The problem with 'more data'

Chip Oglesby bio photo By Chip Oglesby

Recently, SCPC wrote about the problem with online check registers in county school districts. As more and more data is placed online, we need a way to standardize data so that has context and it’s not just sitting there. That’s what we would call ‘naked transparency.’

The naked transparency movement marries the power of network technology to the radical decline in the cost of collecting, storing, and distributing data. Its aim is to liberate that data, especially government data, so as to enable the public to process it and understand it better, or at least differently.

Before we rally the troops, we have to realize that getting more data, data that we own, from government officials on all levels doesn’t equal more transparency or accountability.

Data is only part of the Transparency Cycle

In a blog post by the Sunlight Foundation, they posted a very interesting graphic that shows how the ‘Transparency Cycle’ works. It has no beginning or end because it’s part of an ongoing process. Government Agencies (State Ethics Board) for example, are responsible for organizing data and giving web developers API’s who work with Graphic Designers who Give data context by visualizing it. Designers work with Journalists who help build public awareness through context and raising public awareness by reporting anomalies. Engaged Citizens work with Advocacy Groups who Organize and take action to hold the public and lawmakers accountable for what’s going on in government.

Tim Berners-Lee, the founder of the internet has envisioned a new type of web, one of linked data, where the dots are able to be connected. Berners-Lee gives five points of open linked data.

  1. make your stuff available on the web (whatever format)

  2. make it available as structured data (e.g. excel instead of image scan of a table)

  3. non-proprietary format (e.g. csv instead of excel)

  4. use URLs to identify things, so that people can point at your stuff

  5. link your data to other people’s data to provide context

State Comptroller Richard Eckstrom’s state government spending transparency site accomplishes 4 of the 5 goals, a great accomplishment in my opinion. Our school websites on the other hand, meet only one of the 5 requirements. PDF’s with no structure, give engaged citizens no way to ingest and analyze more than one month worth of data.

I was able to go in and scrap a PDF off of Berkley County’s transparency website and run the information through Many Eyes to get this chart that’s featured below. Ideally, there should be a simpler way for a developer or designer to visualize this information through API’s.

Eckstrom’s website is faced with the same type of problem. It focuses on the month to month expenditures, and if I want to build a database, I would have to download 12 separate .csv files to enter into another database to visualize.

All data is dirty

Once we’re able to actually collect data through publicly accessible API’s, does that necessarily mean the info is clean? Not really.

Since data input still relies on human-beings we are all prone to make mistakes. Remember the disaster of recovery.gov?
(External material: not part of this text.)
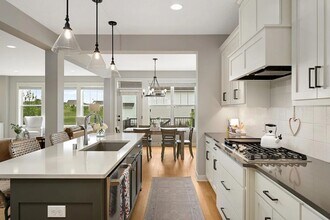 9769 Iron Horse Rd in Woodbury, MN - Building Photo - Building Photo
There was a huge scandal because of all of the ‘ghost’ districts where money was being spent. The to main views here are simple “It happened on purpose, democrats are trying to steal/take our money” or “It was just a simple mistake, a slip of the finger or some congressional page didn’t know what district they were in.”

Also, if you browse the transparency data portal from the Sunlight Foundation and look for campaign contributions, names can be misspelled and instead of using proper nouns for occupation such as “Owner: Fast Bucks” a donor may simply list occupation as “store owner.”

This can lead to a few errors. It makes it hard to track who’s actually giving because a researcher will have to double check which company the donor works for to help connect the dots.

Data needs context

Once the data is published, it still needs context. PDF’s are good for looking at a small record, but what if we want to compare values over a given year, or the past six years? How do we know when a company a lobbyists represents gives a lawmaker money for his PAC so that he may be influenced to vote a certain way?

Spending all day pouring through massive amounts of information can be tedious and lead to the wrong conclusions. Instead, there should be automated processes in place that alert people via email, text, tweet when anomalies arise. Like the internet, quietly working in the background, but always on.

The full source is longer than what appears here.